## AIM OF THE EXERCISE
Return each line, exactly as given, from the one containing "Cannondale Smartsense |" through the end of the entries below, and skip the rest.

## Caption-style text data
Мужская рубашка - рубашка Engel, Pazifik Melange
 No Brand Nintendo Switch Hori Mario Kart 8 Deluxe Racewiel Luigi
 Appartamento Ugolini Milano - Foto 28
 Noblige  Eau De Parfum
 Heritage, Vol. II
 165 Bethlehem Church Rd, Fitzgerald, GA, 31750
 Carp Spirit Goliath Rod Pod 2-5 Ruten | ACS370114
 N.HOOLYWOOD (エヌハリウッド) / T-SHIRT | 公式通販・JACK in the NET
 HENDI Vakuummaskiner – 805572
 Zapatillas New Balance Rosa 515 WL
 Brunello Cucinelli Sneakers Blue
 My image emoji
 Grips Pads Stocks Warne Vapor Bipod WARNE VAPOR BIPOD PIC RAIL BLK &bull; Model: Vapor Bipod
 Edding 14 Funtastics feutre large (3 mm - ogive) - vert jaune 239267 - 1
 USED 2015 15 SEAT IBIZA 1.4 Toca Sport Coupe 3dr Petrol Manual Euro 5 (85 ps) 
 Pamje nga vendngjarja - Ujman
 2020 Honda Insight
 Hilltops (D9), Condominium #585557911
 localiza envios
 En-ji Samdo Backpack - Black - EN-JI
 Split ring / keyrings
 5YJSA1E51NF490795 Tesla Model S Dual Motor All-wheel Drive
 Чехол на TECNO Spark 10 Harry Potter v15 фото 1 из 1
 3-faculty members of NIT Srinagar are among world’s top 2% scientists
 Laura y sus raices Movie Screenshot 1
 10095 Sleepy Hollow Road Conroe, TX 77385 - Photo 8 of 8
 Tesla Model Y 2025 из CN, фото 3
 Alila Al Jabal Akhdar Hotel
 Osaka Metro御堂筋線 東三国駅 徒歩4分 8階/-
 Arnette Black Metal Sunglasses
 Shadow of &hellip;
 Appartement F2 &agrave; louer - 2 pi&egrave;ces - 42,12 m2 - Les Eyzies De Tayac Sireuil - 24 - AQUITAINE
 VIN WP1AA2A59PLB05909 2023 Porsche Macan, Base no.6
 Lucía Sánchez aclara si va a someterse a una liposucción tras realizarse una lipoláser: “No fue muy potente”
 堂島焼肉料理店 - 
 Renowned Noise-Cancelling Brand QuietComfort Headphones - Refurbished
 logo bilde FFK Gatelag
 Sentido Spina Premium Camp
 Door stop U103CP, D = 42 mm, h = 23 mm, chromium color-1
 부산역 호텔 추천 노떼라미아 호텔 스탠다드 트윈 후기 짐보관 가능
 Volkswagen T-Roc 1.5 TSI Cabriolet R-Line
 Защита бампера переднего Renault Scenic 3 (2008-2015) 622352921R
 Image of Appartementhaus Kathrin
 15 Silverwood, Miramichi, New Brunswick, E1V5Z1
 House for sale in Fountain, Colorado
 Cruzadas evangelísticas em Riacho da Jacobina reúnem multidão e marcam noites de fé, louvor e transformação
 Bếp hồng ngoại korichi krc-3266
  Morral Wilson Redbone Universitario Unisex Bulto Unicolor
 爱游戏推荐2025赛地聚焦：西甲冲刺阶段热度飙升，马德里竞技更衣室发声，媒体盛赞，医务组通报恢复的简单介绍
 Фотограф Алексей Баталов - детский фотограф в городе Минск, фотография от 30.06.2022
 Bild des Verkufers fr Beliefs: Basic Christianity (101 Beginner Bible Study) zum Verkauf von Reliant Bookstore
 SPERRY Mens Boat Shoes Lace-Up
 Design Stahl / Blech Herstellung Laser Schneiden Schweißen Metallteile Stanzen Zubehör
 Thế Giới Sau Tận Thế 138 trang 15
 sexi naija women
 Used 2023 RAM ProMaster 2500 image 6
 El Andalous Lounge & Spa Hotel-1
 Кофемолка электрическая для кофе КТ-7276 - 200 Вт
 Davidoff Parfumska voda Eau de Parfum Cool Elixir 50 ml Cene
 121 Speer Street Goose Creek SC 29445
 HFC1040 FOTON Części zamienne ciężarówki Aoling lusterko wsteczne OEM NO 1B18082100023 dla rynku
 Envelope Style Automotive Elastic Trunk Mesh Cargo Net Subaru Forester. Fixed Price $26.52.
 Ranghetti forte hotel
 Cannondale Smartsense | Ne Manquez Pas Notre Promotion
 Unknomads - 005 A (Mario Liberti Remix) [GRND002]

## SOLUTION TO THIS EXERCISE
 Cannondale Smartsense | Ne Manquez Pas Notre Promotion
 Unknomads - 005 A (Mario Liberti Remix) [GRND002]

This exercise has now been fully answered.